In addressing climate change, Goldfajn said the IDB would strive to make it easier to invest in climate mitigation and adaptation, and more ambitiously help countries meet their Paris Agreement goals.
The region currently experiences three times more destructive climate events per decade than 50 years ago. Those events cause about 10 times as much economic damage. “We must be more responsive, agile and creative to deal with them,” he said.
A third priority is investing more in sustainable physical and digital infrastructure to boost regional integration. Between 2008 and 2017, Latin America and the Caribbean put just 2.8% of GDP into infrastructure, half the percentage of East Asian and Pacific countries.
Goldfajn also said he would strive to ensure IDB projects deliver more effective results, with its work driven by data and evidence.

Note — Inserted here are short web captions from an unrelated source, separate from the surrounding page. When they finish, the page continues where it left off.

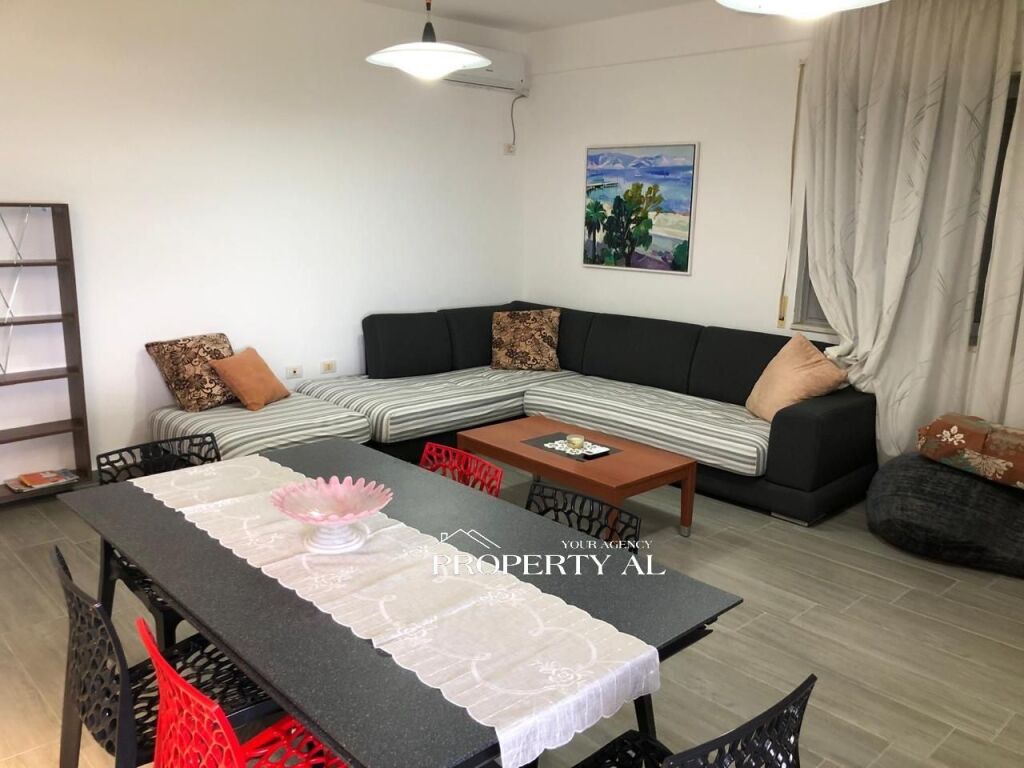 Apartament për shitje në vijë të parë – Lungomare, Vlorë | Pamje ballore deti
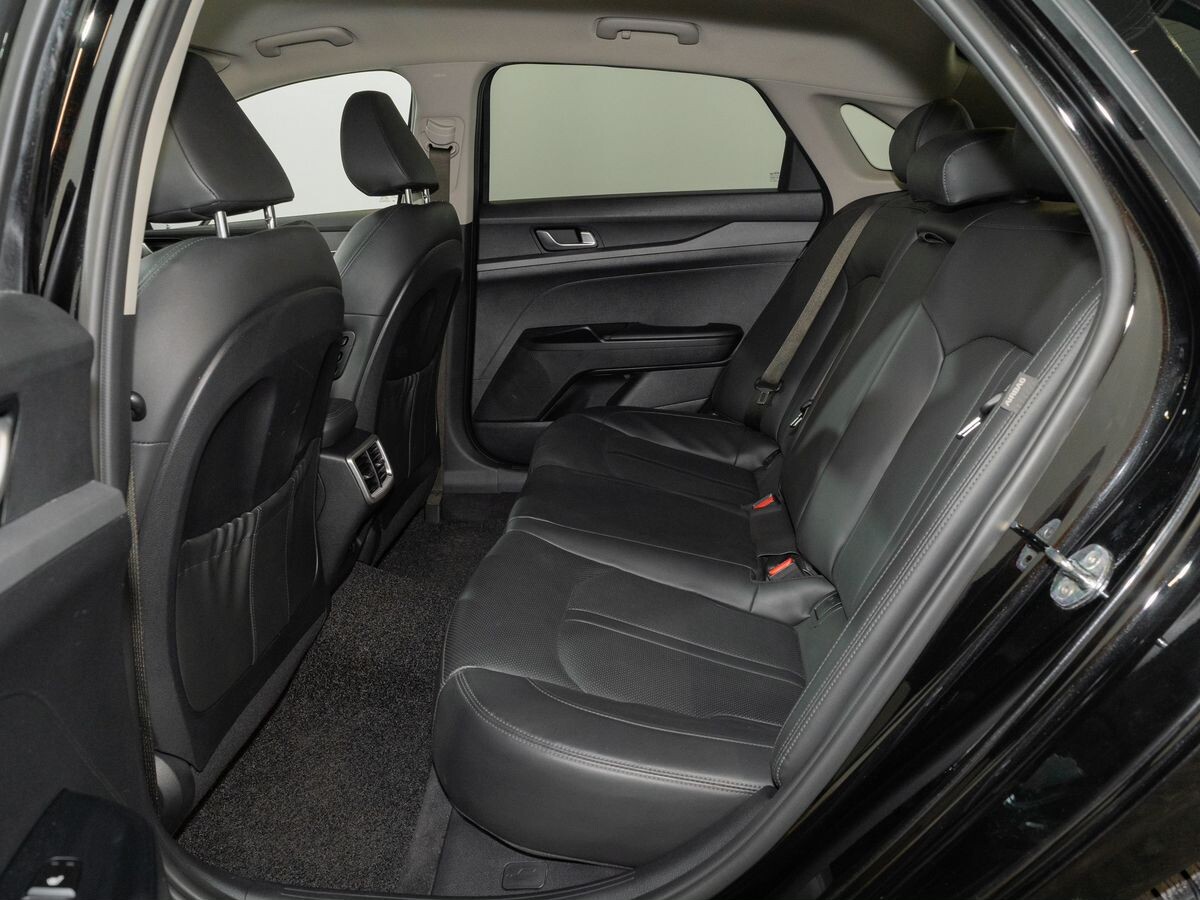 Kia K5 2020 - фото автомобиля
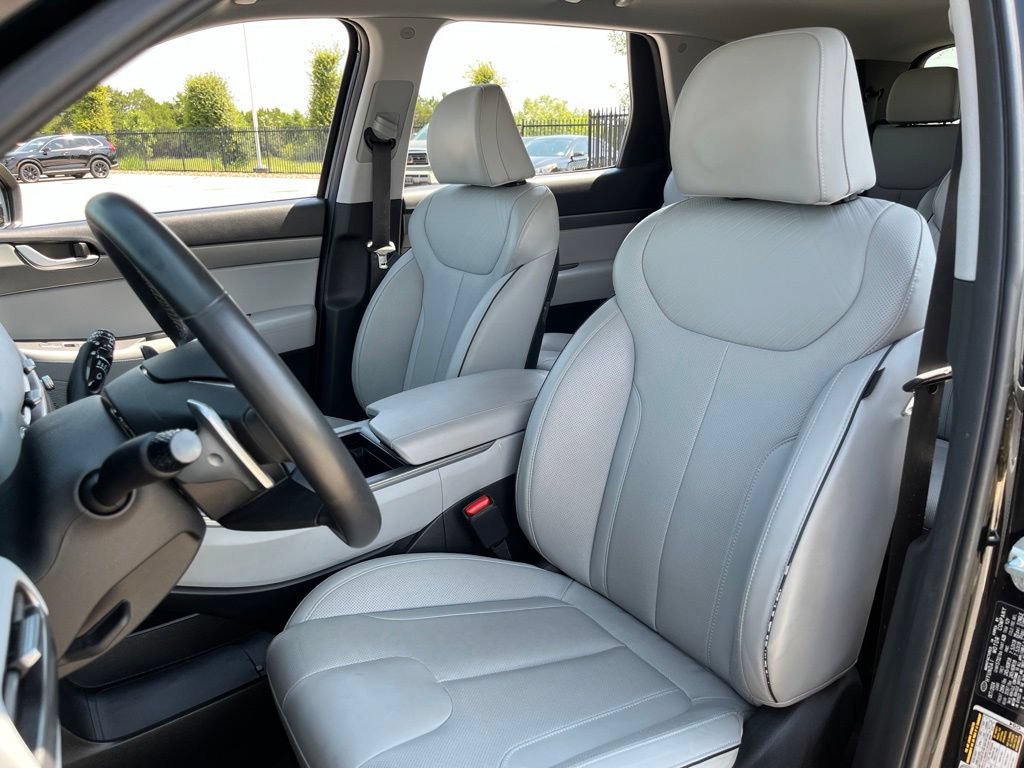 Used 2025 Hyundai Palisade SEL FWD image 23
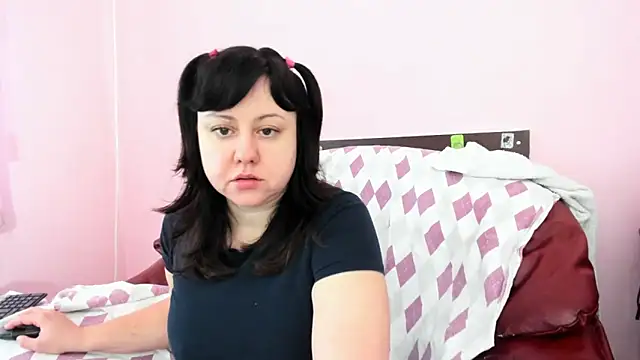 HotSweetAngel online show from 12.20.25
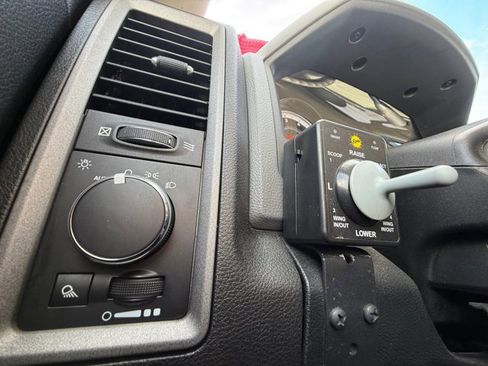 Used 2015 RAM 2500 Tradesman w/ Chrome Appearance Group image 21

In 2021, just 53% of IDB projects with project completion reports received a positive rating from the IDB’s Office of Evaluation and Oversight. “We can do better,” he said.
“In the end, what truly matters is not only how many loans we approve or even how much we lend,” Goldfajn said. “What is paramount is tangible, measurable development impact.”
Another key to achieving the vision is continuing to grow private-sector operations at IDB Invest and IDB Lab with plans that would unlock their great potential. They would effectively impact development and provide public goods across the region, he said.
He pledged to promote a new approach, making the IDB more cooperative, both within the IDB Group and among partners and stakeholders.
Staff should “feel encouraged and enabled to co-create a better Bank that exceeds our development-effectiveness targets,” he said.
“The IDB’s challenges and the region’s biggest problems weren’t created overnight. We won’t solve them in a day. I ask for your patience and persistence. But we have an incredible opportunity to uplift expectations for the future and to create hope at the outset,” Goldfajn said.
Earlier in the day, the president laid out his priorities in a closed-door speech to IDB employees, where he pledged to foster an environment of openness and trust. “I will appeal to our people’s hopes and aspirations, not to their fears,” he said.